The terms below are the everyday vocabulary of any e-commerce product, design, or engineering team. Every PYQ on "components of an e-commerce site" expects you to recognise them.

Product Catalog — The master record of every product the site sells, with structured attributes (SKU, name, description, price, inventory, images, variants, specifications, taxonomy). The catalog is the single source of truth that the rest of the site (PLP, PDP, search, recommendations, cart) reads from. Large catalogs run in dedicated Product Information Management (PIM) systems like Akeneo or Salsify.

SKU (Stock Keeping Unit) — A unique identifier for one specific product variant. A "blue medium polo T-shirt" is one SKU; "red medium" is a different SKU; "blue large" is a third. SKUs are the unit of inventory tracking, pricing, and supply-chain operations. Amazon's global catalogue exceeds 350 million SKUs.

PLP (Product Listing Page) — A page that shows multiple products matching a category, search query, brand, or campaign — Amazon's "search results for laptops", Myntra's "Men > Shirts > Casual". The PLP's job is to help users narrow quickly via grid view, sort options, filters/facets, pagination, and quick-add-to-cart.

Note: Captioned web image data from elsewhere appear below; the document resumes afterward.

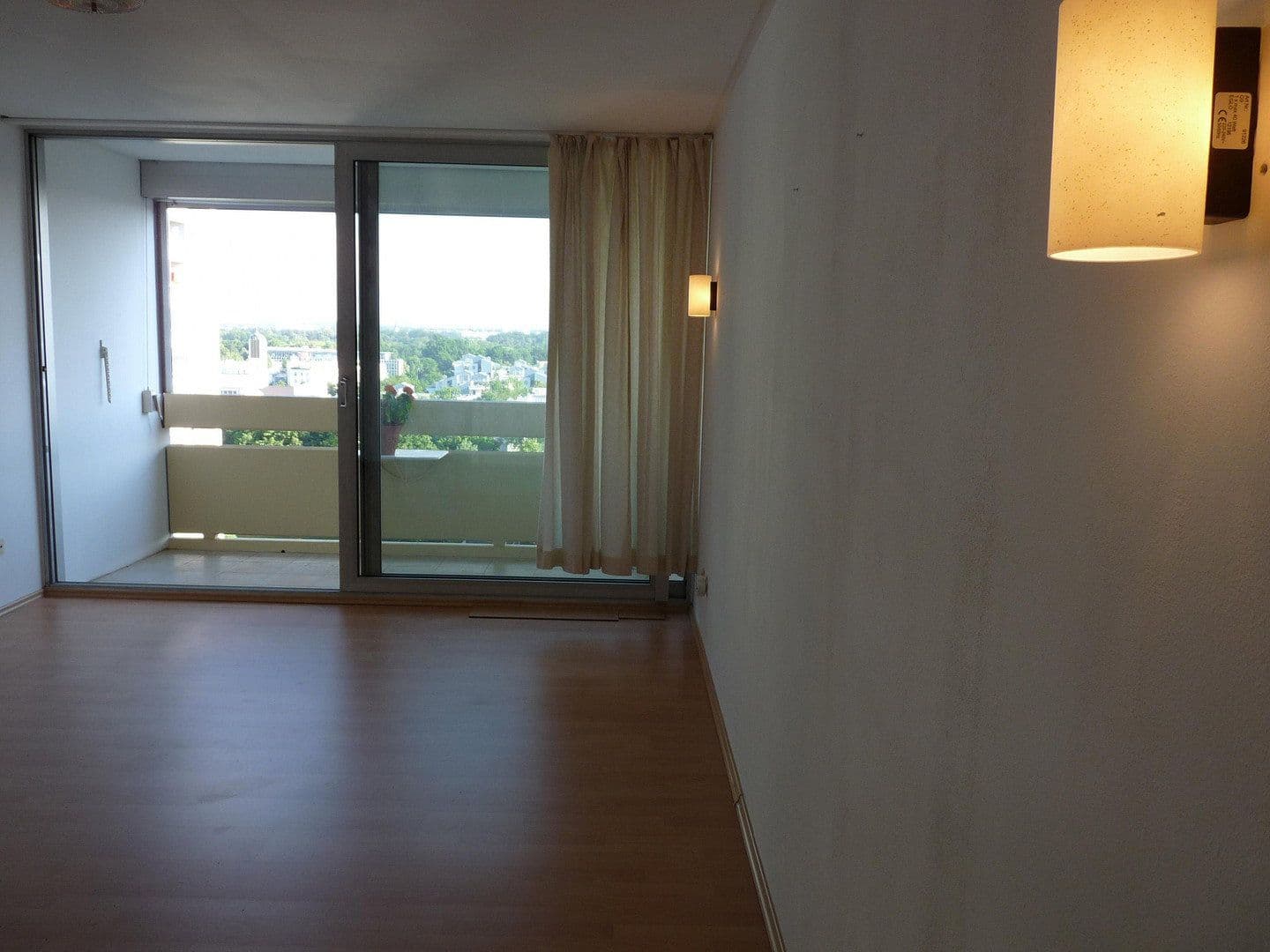 Pronájem bytu 1+1 26 m², München, Bavorsko Pronájem bytu 1+1 26 m², München, Bavorsko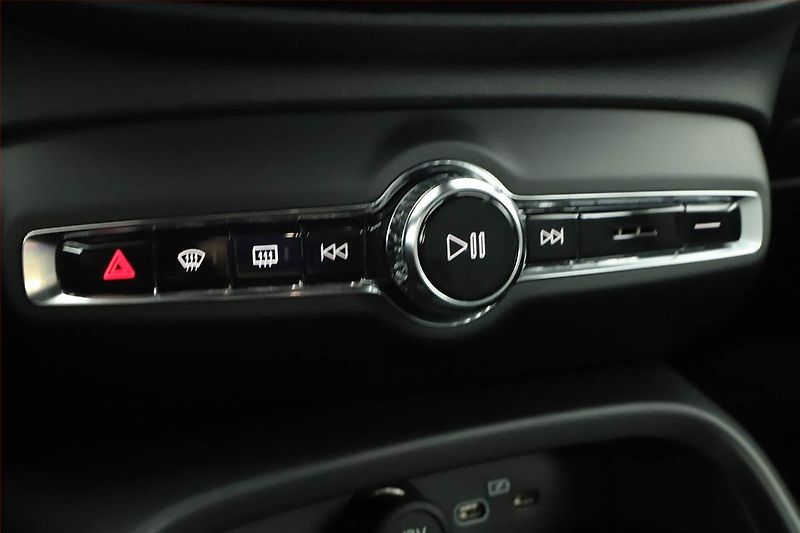 Volvo XC40 (2023) B3, ČR, DPH - fotka 15 z 18
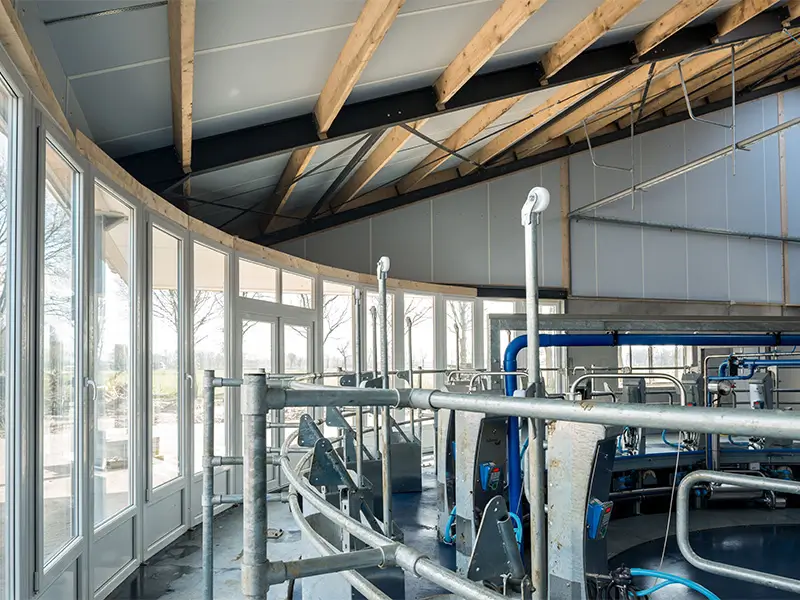 melkcarrousel ronde pui bouwplast kozijnen binnen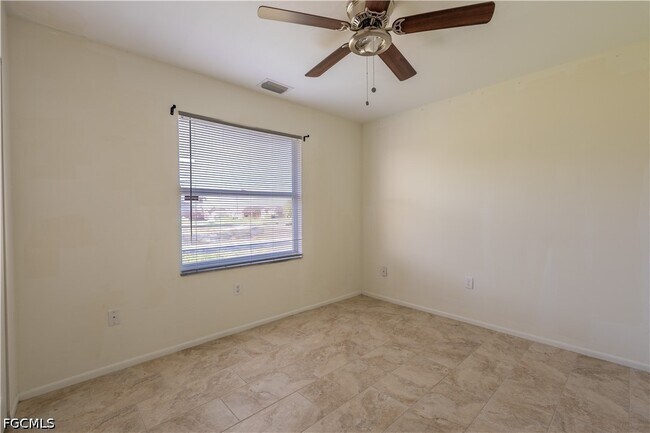 Building Photo - 4323 7th St W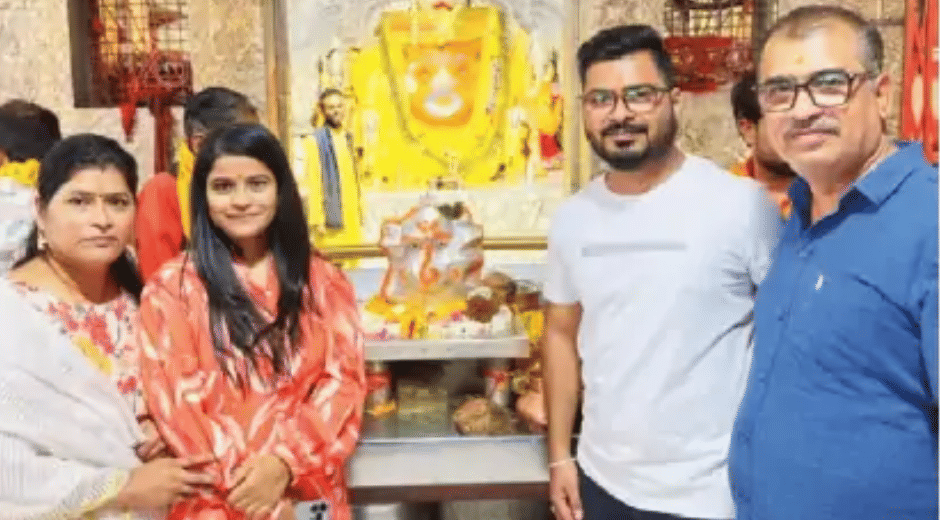 UPSC 2024 Indore’s Yogesh Rajput and Gargi Londhe toppers story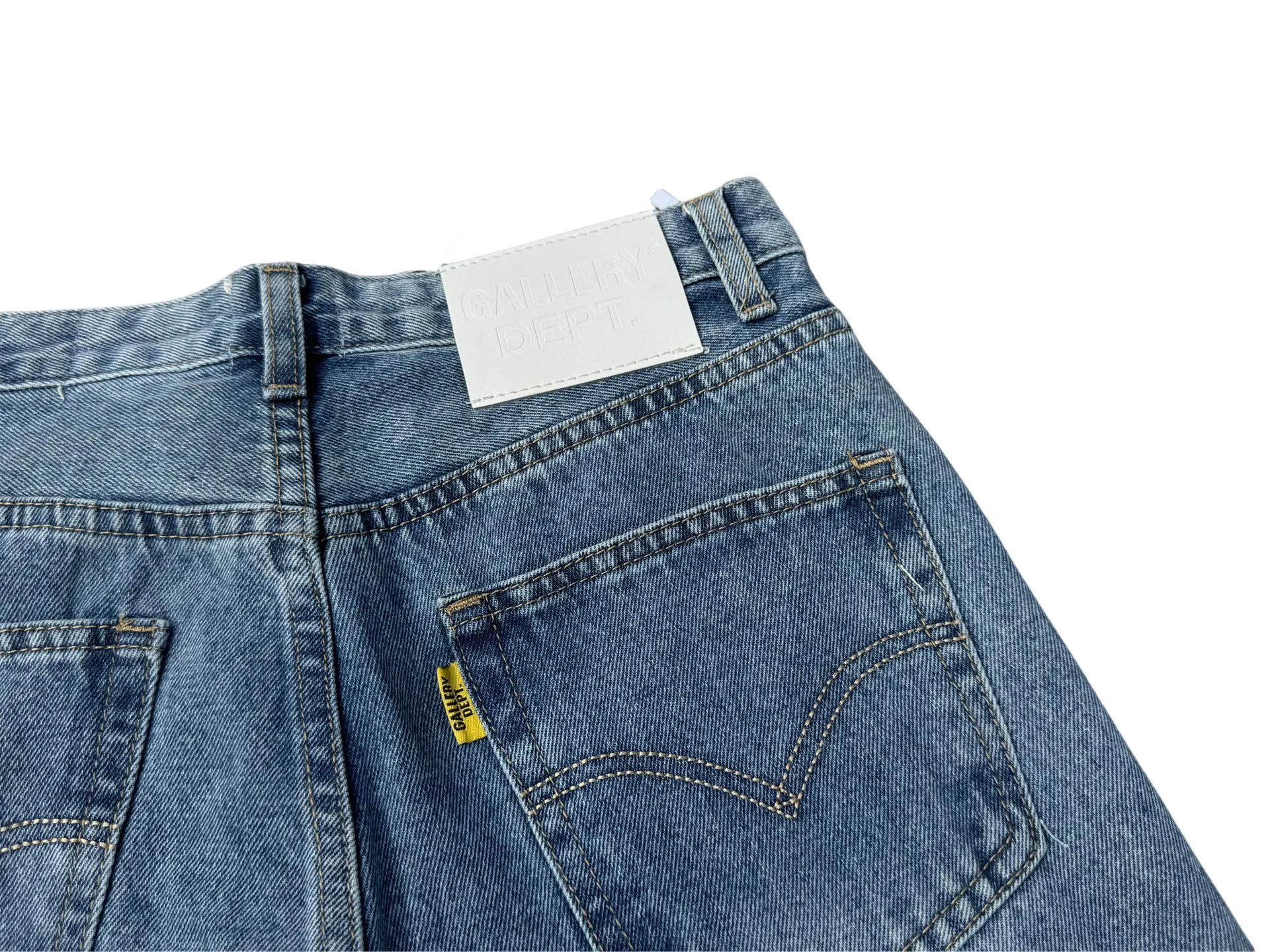 P286💰G77 GALLERY DEPT.G letter patch pudding 5001 denim washed and distressed spliced jeans -Original purchase and pattern making to truly restore the ultimate vintage texture -Original hardware accessories, washed and other elevators, QR code analysis are all purchased from the original factory, high degree of restoration, you are welcome to compare the products~ -Three-dimensional version, loose and comfortable, not picky about the figure, taller and slimmer, factory Seiko, original factory quality control, same style for men and women, can be matched with couples Versatile recommendation: must-have jeans for all seasons Color: blue Size: S-XXL (28-36)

PDP (Product Description Page) — The single-product page where the user sees images, price, variant selectors, reviews, delivery estimate, and the Add-to-Cart / Buy Now buttons. The PDP is the closer: a well-optimised PDP can convert 5–10% of visitors; a poor one barely cracks 1%. PDP is the most A/B-tested page in commerce.

Facets / Filters — Attributes (price range, brand, size, colour, rating) that a user can use to narrow a PLP. Faceted search requires the backend to know, for every filter combination, how many products would match — which is why fast search engines like Elasticsearch, Solr, or Algolia sit behind PLPs at any reasonable scale.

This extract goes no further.